In preda all’esaltazione della retorica bellica, Putin ha dichiarato che “l’esercito della Russia si trova nelle migliori condizioni di tutti i tempi”, e che la caduta del regime di Assad in Siria non è una sconfitta di Mosca, che aveva soltanto il compito di “evitare la creazione di un’enclave terroristica”, e “in qualche modo abbiamo raggiunto lo scopo”. Del resto, egli ha osservato che molti Paesi occidentali desiderano avere relazioni normali con il nuovo regime di Damasco, e tutti i gruppi attivi oggi in Siria vogliono che rimangano le basi russe nel Paese, quindi “le voci sulla mia morte sono sopravvalutate”, ha concluso citando Mark Twain.
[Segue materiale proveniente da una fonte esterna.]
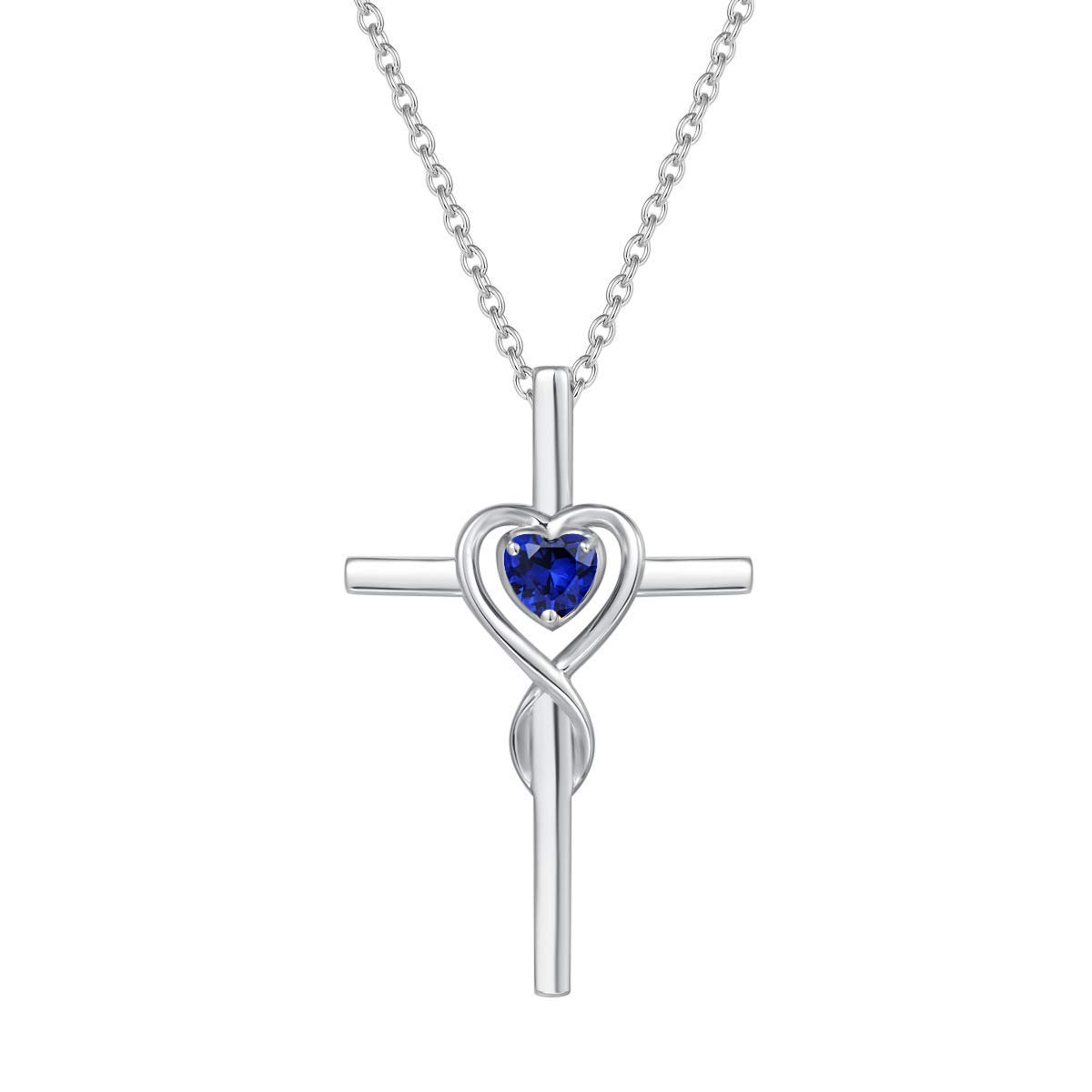 FANCIME 925 Sterling Silver Cross Infinity Heart Pendant Necklace with Created Blue Sapphire Gemstone Fine Jewellery for Women Girls - Chain Length: 16 + 2 Inch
Soprattutto, sempre nella contesa verbale con i giornalisti americani, Putin ha risposto a uno di essi che “tu e quelli che pagano i vostri stipendi negli Stati Uniti vorreste che la Russia si trovasse in una posizione di debolezza… Credo invece che siamo diventati molto più forti negli ultimi tre anni, siamo diventati un Paese sovrano, dipendiamo da poche persone e stiamo rafforzando le nostre capacità di difesa”. La guerra ha quindi nella “sovranità” il suo scopo principale, non soltanto e non tanto per la difesa dei confini, che nello sterminato territorio russo hanno sempre un significato relativo, quanto per affermare la propria indipendenza e la propria grandezza di fronte al mondo intero.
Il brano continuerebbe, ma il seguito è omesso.